De minister van Sociale Zaken en Werkgelegenheid past het wetsvoorstel Verduidelijking beoordeling arbeidsrelaties en rechtsvermoeden (Vbar) aan. Een belangrijke wijziging: extern ondernemerschap wordt weer als volwaardig criterium meegenomen bij de beoordeling of iemand werkt als zelfstandige of werknemer.
Extern ondernemerschap krijgt gelijkwaardige status bij beoordeling schijnzelfstandigheid
Het kabinet herziet het wetsvoorstel Vbar, dat als doel heeft duidelijkheid te scheppen over de kwalificatie van arbeidsrelaties. Waar in de eerdere opzet extern ondernemerschap pas een rol speelde als de overige beoordelingscriteria (zoals aansturing en risico) met elkaar in evenwicht waren, wordt dit criterium voortaan volwaardig naast de andere gezichtspunten gezet.

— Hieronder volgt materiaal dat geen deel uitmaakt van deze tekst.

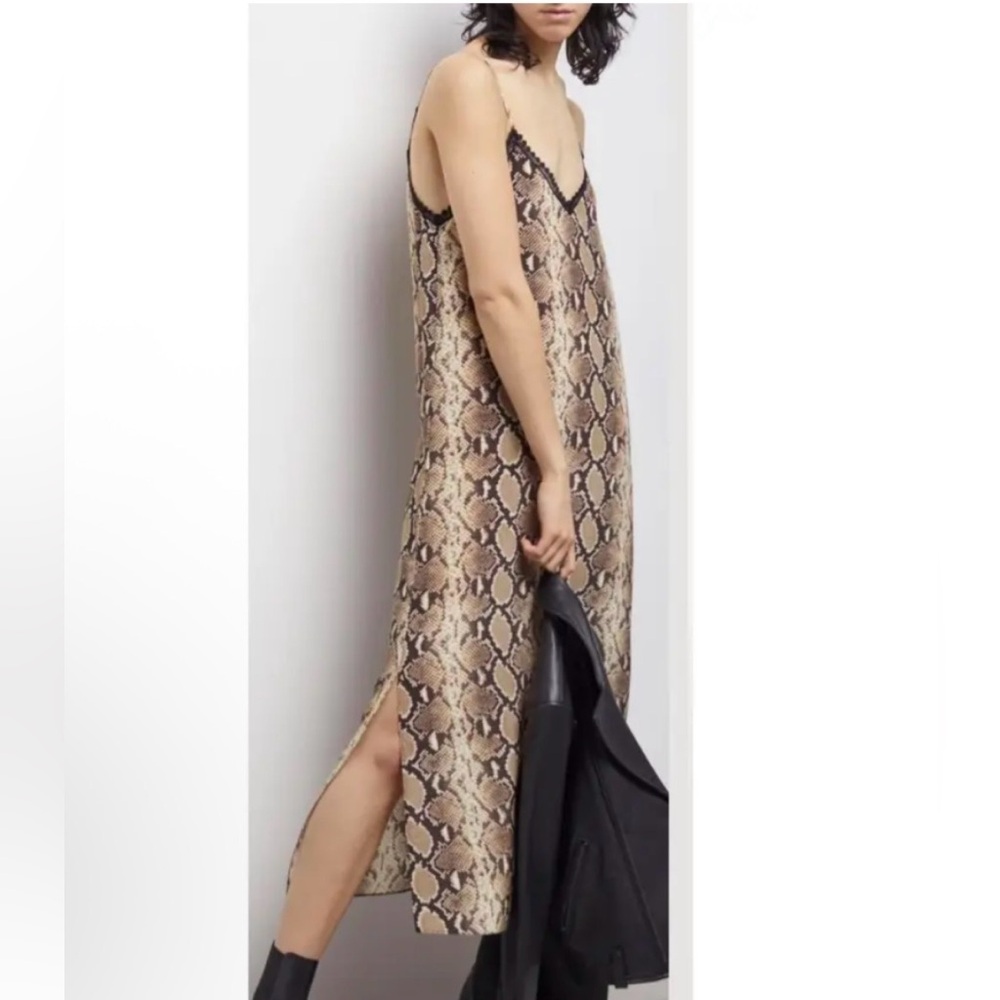 The Kooples Beige and Black Snake Print slip Dress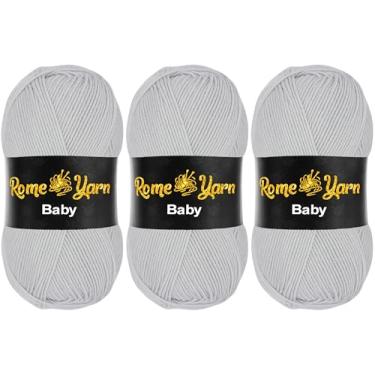 Imagem de Fio de acrílico para bebês #3 Light Worsted DK para tricô e crochê (pacote com 3, cinza...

Dit betekent dat factoren zoals het investeren in een eigen bedrijf, het voeren van acquisitie of het afdragen van btw zelfstandig meewegen in de beoordeling of iemand daadwerkelijk als ondernemer opereert.
Aansluiting bij uitspraak Hoge Raad
De aanpassing volgt op een recente uitspraak van de Hoge Raad in de zaak tussen Uber en FNV (ECLI:NL:HR:2025:319). De Hoge Raad gaf aan dat er geen hiërarchie mag bestaan tussen de verschillende gezichtspunten die relevant zijn voor het kwalificeren van een arbeidsrelatie. Elk relevant aspect moet afzonderlijk en in onderlinge samenhang worden bekeken. Met de wijziging wil het kabinet het wetsvoorstel hiermee in lijn brengen.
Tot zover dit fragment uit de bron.